[Opening DATA EXTRACT section]

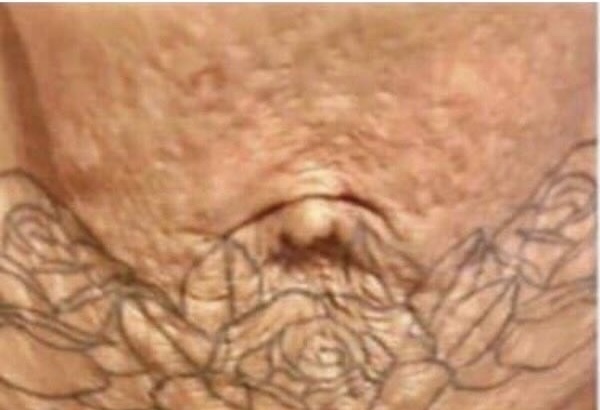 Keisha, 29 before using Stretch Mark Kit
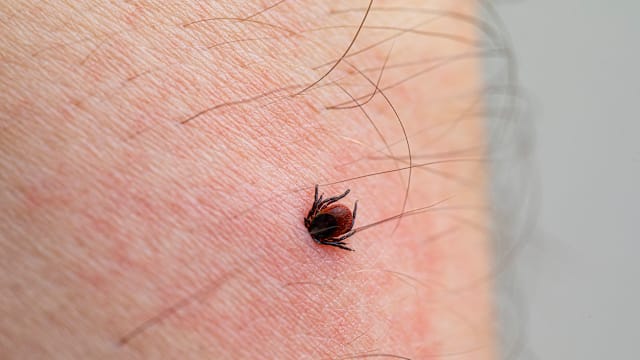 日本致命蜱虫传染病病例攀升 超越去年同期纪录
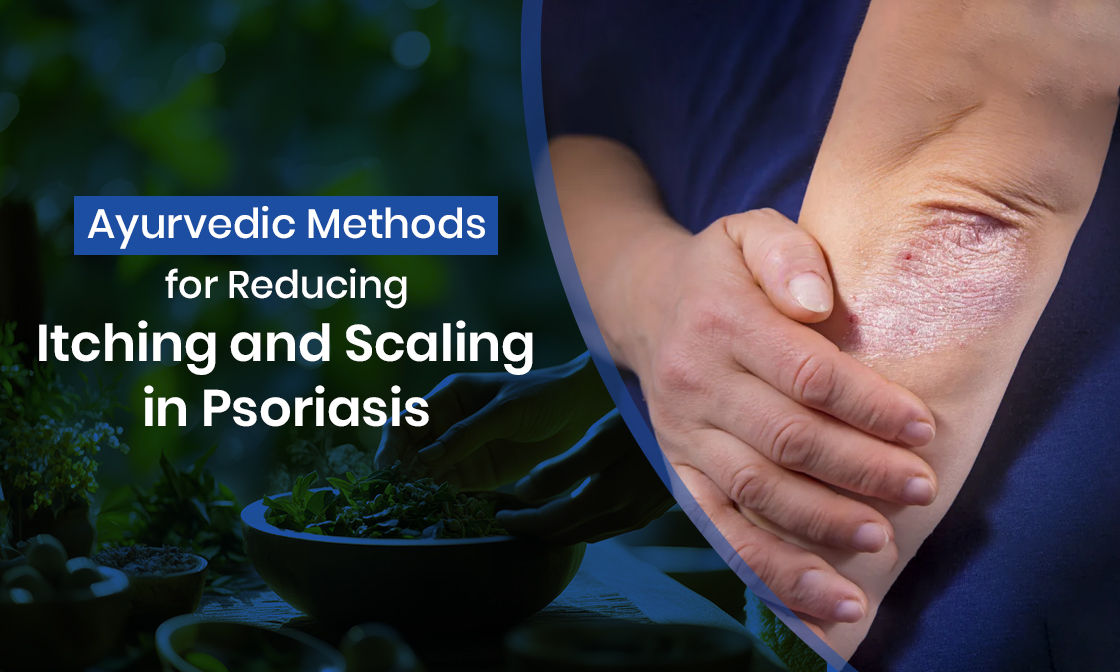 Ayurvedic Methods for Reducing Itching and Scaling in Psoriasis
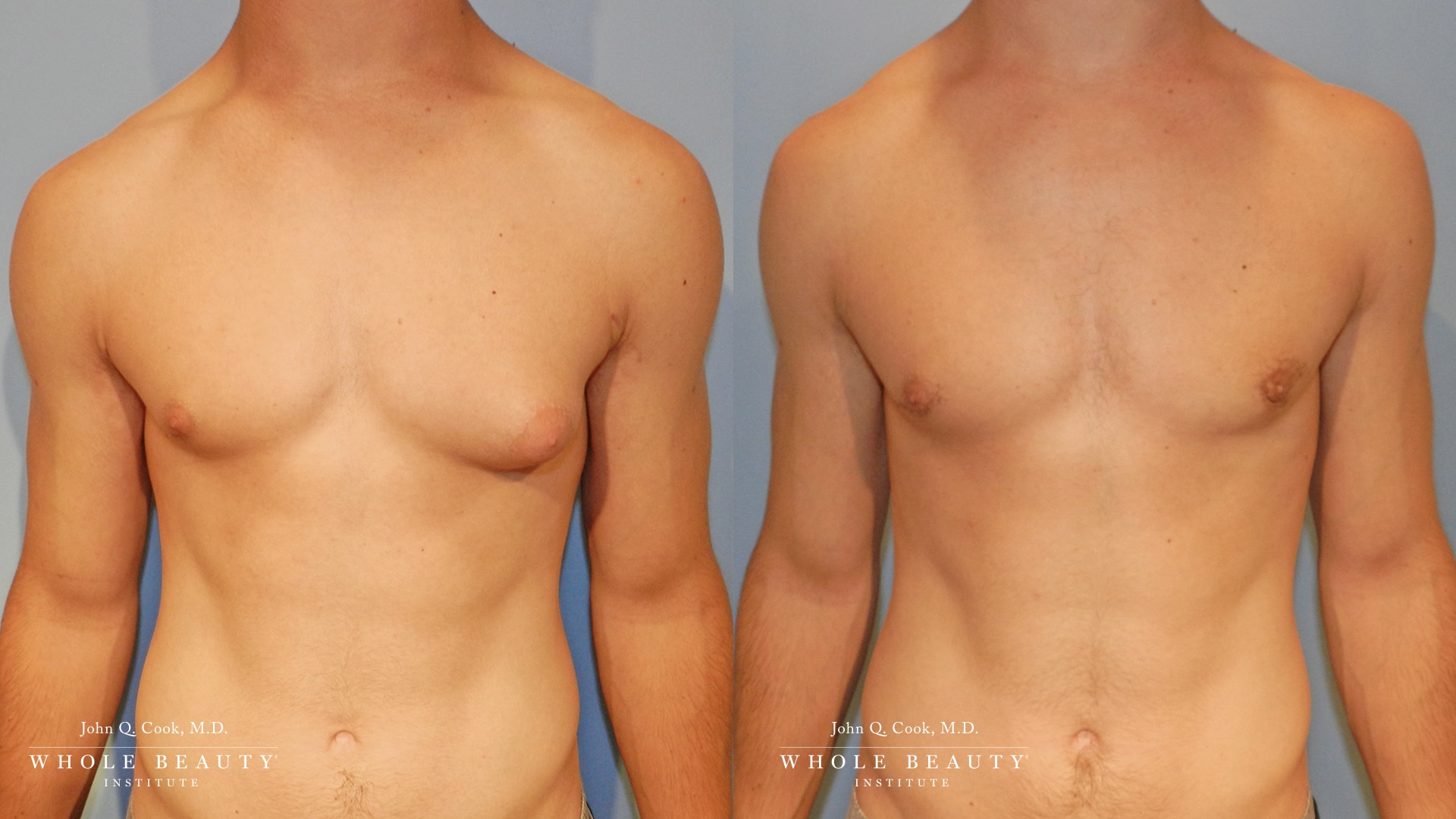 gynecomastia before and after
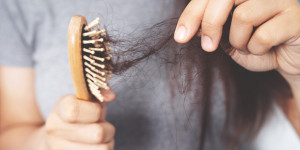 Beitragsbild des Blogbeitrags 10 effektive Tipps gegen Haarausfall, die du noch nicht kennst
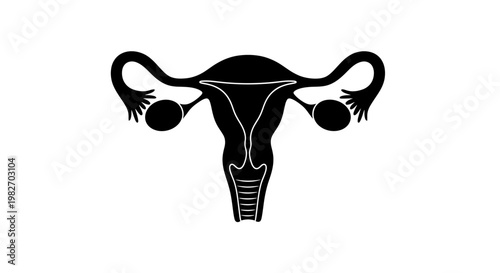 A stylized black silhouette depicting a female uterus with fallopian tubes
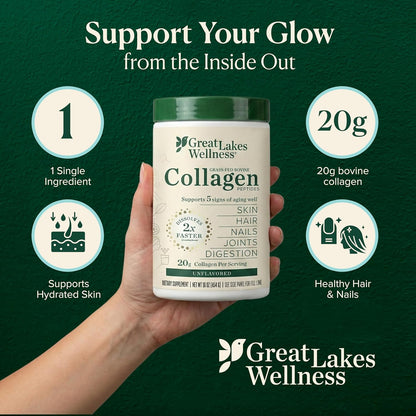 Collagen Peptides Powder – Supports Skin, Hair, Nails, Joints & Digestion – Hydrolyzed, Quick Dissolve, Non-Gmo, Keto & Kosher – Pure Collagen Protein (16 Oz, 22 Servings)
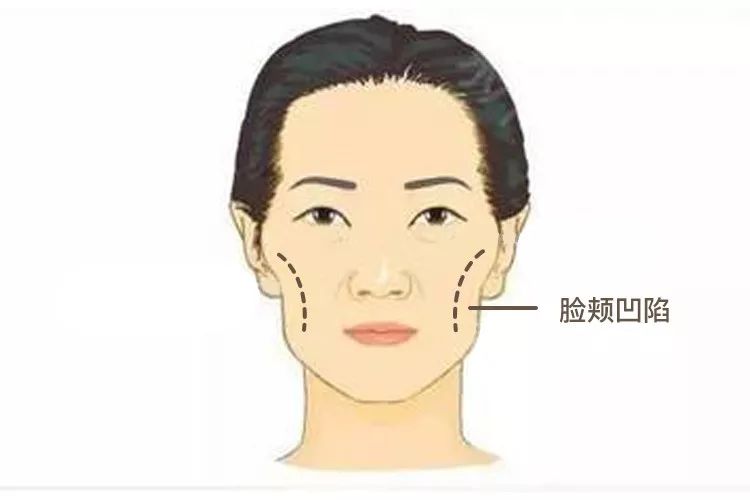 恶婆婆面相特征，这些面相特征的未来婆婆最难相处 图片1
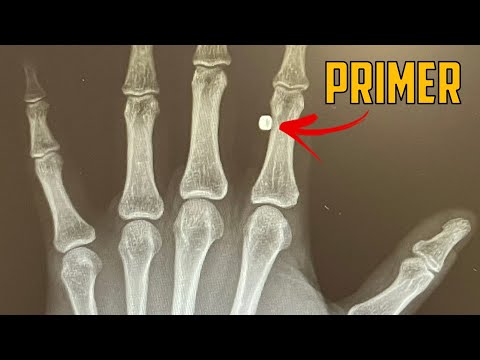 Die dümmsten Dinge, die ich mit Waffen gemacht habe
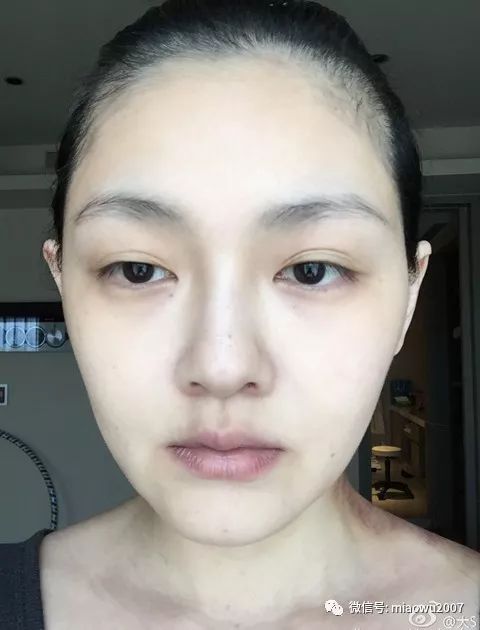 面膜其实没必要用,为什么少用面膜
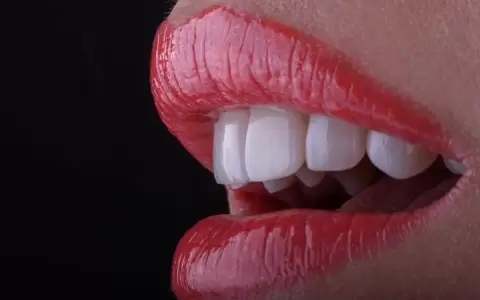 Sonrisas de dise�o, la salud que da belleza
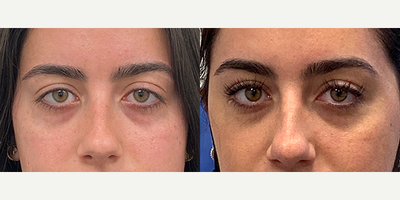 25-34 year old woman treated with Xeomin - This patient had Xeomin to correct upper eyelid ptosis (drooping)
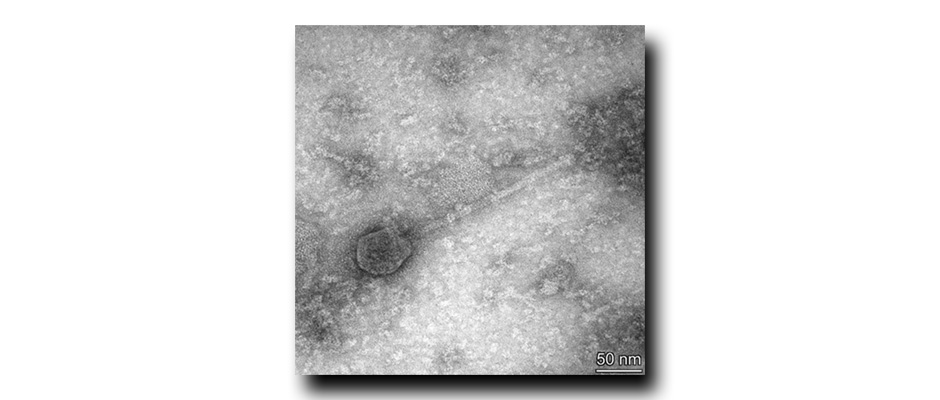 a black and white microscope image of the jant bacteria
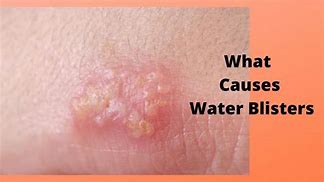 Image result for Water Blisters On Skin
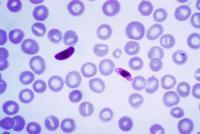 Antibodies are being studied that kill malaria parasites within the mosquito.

[Closing DATA EXTRACT section]

### PROMPT
Your response should consist solely of the lines from the line with "25-34 year old" through the last line of the entries above, printed exactly and without pictures.

### EXERCISE ANSWER
 25-34 year old woman treated with Xeomin - This patient had Xeomin to correct upper eyelid ptosis (drooping)
 a black and white microscope image of the jant bacteria
 Image result for Water Blisters On Skin
 Antibodies are being studied that kill malaria parasites within the mosquito.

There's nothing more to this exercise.